How are you to know that the flow rates proposed for a certain study are appropriate for the infusion equipment you plan to use? You could run a benchtop test with the compound and your equipment to make sure it works, but unless your pumps have modern occlusion alarms, that test is crude. Laboratory syringe pumps can generate dangerously high pressures with no visible signs of trouble.
In this blog we will propose a method of determining a reasonable maximum flow rate range for infusion sets. To start we need to pick a safe maximum range for flow-rate-generated backpressure. What can go wrong as pressure increases? Here is a list:
Infusion timing delayed
With increased flow rates, backpressure will increase causing the infusion lines to expand so that more fluid is stored in the set rather than being delivered to the animal. The tubing expands like a balloon, a plastic syringe itself can expand and the rubber plunger will compress.

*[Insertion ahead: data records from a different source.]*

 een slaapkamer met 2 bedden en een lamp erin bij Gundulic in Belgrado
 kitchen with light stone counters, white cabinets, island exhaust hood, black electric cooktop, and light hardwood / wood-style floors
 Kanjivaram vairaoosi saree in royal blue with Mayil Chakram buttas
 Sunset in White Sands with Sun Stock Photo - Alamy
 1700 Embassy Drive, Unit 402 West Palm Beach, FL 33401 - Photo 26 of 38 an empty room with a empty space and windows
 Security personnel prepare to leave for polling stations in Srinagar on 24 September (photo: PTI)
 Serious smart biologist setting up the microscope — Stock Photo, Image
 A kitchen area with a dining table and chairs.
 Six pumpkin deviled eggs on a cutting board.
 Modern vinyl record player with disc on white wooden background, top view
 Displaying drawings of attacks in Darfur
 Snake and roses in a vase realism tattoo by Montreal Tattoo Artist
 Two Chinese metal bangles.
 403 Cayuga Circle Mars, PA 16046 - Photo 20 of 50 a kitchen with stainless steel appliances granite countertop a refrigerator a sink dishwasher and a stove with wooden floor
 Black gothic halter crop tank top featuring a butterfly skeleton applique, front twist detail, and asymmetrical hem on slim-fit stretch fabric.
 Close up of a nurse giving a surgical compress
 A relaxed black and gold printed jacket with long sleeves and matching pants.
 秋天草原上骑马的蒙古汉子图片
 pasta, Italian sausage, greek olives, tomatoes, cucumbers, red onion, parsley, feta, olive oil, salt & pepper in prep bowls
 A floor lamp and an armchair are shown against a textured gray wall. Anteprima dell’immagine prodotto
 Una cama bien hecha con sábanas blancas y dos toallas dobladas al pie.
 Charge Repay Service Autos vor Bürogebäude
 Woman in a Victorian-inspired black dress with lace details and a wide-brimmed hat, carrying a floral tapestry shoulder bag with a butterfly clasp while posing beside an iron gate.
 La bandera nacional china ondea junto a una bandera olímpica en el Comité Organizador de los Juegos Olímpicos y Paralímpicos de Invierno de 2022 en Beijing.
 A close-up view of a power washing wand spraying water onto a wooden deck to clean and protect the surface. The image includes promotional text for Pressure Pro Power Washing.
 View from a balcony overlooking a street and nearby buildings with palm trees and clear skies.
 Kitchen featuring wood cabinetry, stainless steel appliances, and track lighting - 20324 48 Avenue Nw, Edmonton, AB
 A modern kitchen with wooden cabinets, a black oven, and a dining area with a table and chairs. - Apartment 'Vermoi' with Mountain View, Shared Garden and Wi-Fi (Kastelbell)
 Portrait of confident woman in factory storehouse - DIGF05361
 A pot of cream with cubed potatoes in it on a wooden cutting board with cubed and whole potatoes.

Softer tubing like polyurethane will expand more than stiffer tubing like polyethylene. In this example we have set a Harvard pump to deliver a bolus of 100µL over 6 seconds (1mL/min) through a standard Instech mouse tether kit, Vascular Access Button™ and 2Fr jugular vein catheter. The pump ran from 0-6 seconds, but the dose was delivered out the end of the catheter between 4 and 25 seconds after the pump was started. Pressure reaches 9 PSI at 1mL/min through this set. Despite the delay, the total volume delivered was accurate, 97.5µL, within expected accuracy limits of plastic syringes (±5%). With longer infusion profiles a startup delay may not matter, but for certain IV boluses, such as those used in IV self-administration, it may be important to understand and manage the delay. In these addiction studies rodents press a lever to get a dose of cocaine or other addictive drug from a pump; the timing is critical.1
Flow Profile of Bolus Through Mouse Infusion Tether and Catheter2
Pump occlusion alarms triggered
If your pump has one, occlusion alarms are usually tripped between 5 and 20 PSI. The alarm level is adjustable to find the right balance between detecting real occlusions quickly and false alarms, typically from backpressure due to high flow rates and/or a viscous compound. There are plenty of applications where syringe pumps need to operate against high backpressures, like chemical manufacturing, but there should be no reason to exceed 20 PSI when infusing into a live animal. Assuming your pumps don’t need to be serviced, if you are having false alarms either switch to an infusion set with a larger bore or reduce the flow rate, perhaps by increasing the drug concentration.
Undetected leak
As pressures exceed 20 PSI, which can happen if you are using a laboratory pump or pressing down firmly with a manual bolus, you risk failure of the weakest point in your infusion line. Some infusion lines may have joints that can leak under pressure then close back up when the pressure subsides. We know from decades of repairing our fluid swivels that the only application that seems to be able to get them to leak is IV self-administration. Despite the IV set certainly expanding as noted above, for an Instech swivel to leak pressures likely have to have exceeded 60 PSI. (Swivel seals can open temporarily under high pressures, then will reseal as soon as the pressure subsides.) Tubing joints can also leak, as we saw in our 2015 “Impacts of Occlusions on Dose Accuracy” study. These sorts of leaks can easily drip into the bedding and go undetected. At this point your data has been impacted since you have not delivered the full dose.
Catastrophic rupture
If your infusion line is constructed in a way that resists leaks, at some point the weakest point will rupture in a more dramatic and irreversible way. Tubing can pop off joints, slip fit luers can disconnect, septa in ports can dislodge. The extra fluid stored in the tubing which had been expanded by pressure will spray out. If this happens outside the animal, occasionally it can be repaired, though whatever caused it must be addressed before resuming. If a catheter disconnects inside the animal, the animal is typically lost. If this is happening to you due to flow-related backpressure only and not an occlusion, your rates are far too high for the infusion set you are using.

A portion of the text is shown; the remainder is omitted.